1La situation de fin de vie de l’un de leurs parents âgés constitue pour les enfants un moment de remise en question de leurs relations œdipiennes avec leur parent mourant. La possibilité pour les proches d’élaborer leur relation avec leur parent dans ce moment ultime de rencontre que constitue l’agonie dépend de la qualité de ces remaniements.

2Notre réflexion s’intéressera aux divers abords de la fin de vie en ce qui concerne la famille mais aussi le mourant lui-même, plus spécifiquement dans un cadre hospitalier. Dans un second temps, nous en viendrons à nous interroger sur la généralisation de l’utilisation du terme « travail de deuil » tel qu’il est à présent couramment employé.

Un dispositif souple

3Les services hospitaliers sont directement concernés par les problématiques de fin de vie dans la mesure où de nos jours, la majeure partie des décès se déroule à l’hôpital. Le soutien que peuvent procurer dans ces moments les équipes soignantes et/ou le psychologue présent dans le service peut constituer un repère dans ce parcours difficile.

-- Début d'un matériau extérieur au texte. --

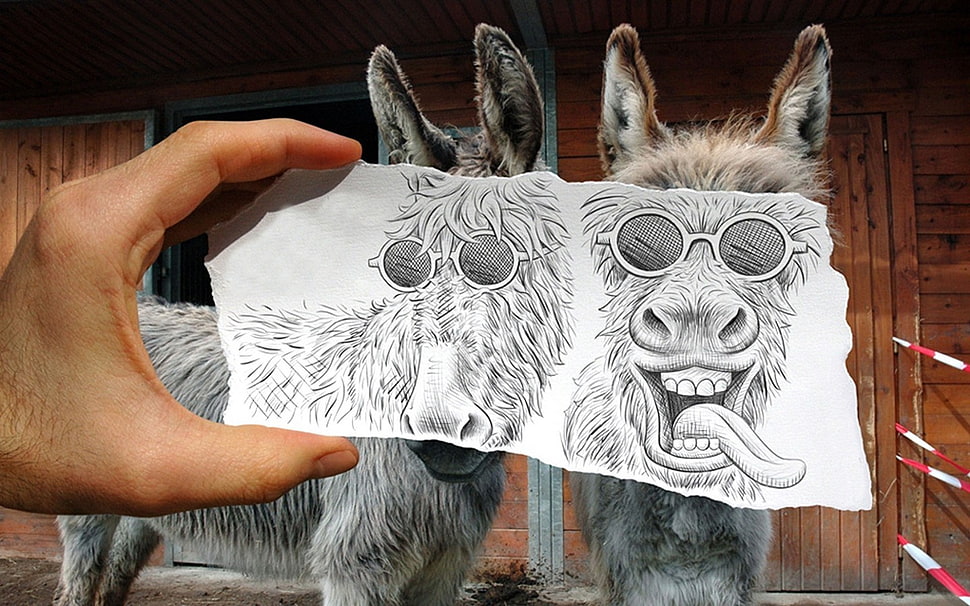 two gray goats, animals, donkey HD wallpaper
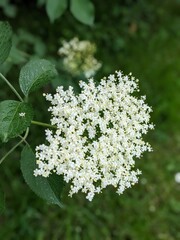 Inflorescences of black elderberry (Sambucus nigra)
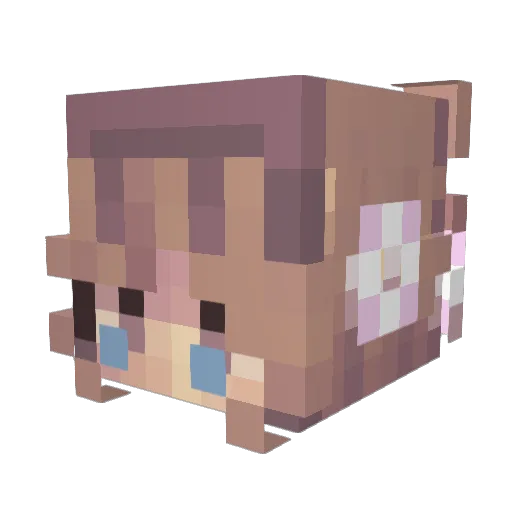 Oaklyn1502 Minecraft avatar head, 3D render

4Le rôle du psychologue est pleinement inscrit au sein de ces équipes : il participe aux réunions pluridisciplinaires, hebdomadaires, où l’on élabore les prises en charges des patients et où l’on partage à propos des difficultés rencontrées. Par ailleurs, il rencontre les patients et les familles, à leur demande. Il peut également être amené à proposer des entretiens pour le patient, sa famille, ou des entretiens familiaux, suivant les nécessités. Ces entretiens peuvent éventuellement avoir lieu dans la chambre du patient.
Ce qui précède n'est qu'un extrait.